Temperature dependence of the training effect in electrodeposited Co/CoO nanotubes

Abstract

High aspect ratio Co/CoO nanotubes (NTs) were obtained by potentiostatic electrodeposition of Co inside nanoporous alumina templates followed by the natural oxidation of their inner walls. Magnetic measurements performed at low temperatures after field cooling the samples from above its blocking temperature (TB∼220 K), evidenced the existence of exchange bias (EB) coupling between the Co ferromagnetic outer wall and the CoO antiferromagnetic inner wall of the NTs. A decrease in the magnitude of the EB field was measured at T<TB when cycling the Co/CoO NT arrays through consecutive hysteresis loops. This decrease is known as the training effect (TE) and is here studied in the 6 K≤T<TB temperature range.
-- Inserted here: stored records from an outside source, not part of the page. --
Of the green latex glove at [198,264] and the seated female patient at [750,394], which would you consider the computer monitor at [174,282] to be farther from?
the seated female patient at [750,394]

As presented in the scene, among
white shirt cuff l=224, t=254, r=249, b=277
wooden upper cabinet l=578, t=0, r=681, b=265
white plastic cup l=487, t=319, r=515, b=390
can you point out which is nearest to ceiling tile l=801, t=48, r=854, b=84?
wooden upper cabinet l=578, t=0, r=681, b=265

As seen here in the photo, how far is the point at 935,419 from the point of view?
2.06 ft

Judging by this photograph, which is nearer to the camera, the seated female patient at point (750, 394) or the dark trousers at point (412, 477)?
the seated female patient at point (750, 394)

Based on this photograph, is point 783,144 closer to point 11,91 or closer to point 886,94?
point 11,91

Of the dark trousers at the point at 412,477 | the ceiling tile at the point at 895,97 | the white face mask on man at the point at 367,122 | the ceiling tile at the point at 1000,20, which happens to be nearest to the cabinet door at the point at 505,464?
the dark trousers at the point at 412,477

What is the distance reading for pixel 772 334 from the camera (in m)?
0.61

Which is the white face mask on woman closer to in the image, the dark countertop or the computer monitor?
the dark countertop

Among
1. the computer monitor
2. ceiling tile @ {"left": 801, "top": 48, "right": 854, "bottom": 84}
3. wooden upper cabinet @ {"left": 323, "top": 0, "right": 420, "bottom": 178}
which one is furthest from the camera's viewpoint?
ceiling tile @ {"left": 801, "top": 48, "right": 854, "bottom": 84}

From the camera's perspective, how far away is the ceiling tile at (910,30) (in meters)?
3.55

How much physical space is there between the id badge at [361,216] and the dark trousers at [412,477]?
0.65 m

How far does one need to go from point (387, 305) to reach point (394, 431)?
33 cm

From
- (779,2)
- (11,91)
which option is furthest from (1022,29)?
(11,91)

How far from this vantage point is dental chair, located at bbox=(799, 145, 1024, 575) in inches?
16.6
The TE was fitted using the recursive Binek formula, giving small values for the characteristic decay rate of the training behavior, and evidencing a decrease of EB with increasing antiferromagnetic layer thickness. A phenomenological theory for the temperature dependence of the TE in exchange biased systems was applied for the first time to core-shell nanotubular structures. The good agreement obtained between the experimental results and the theoretical data, provided a strong confirmation of the qualitative correctness of the spin configuration relaxation model used in these systems.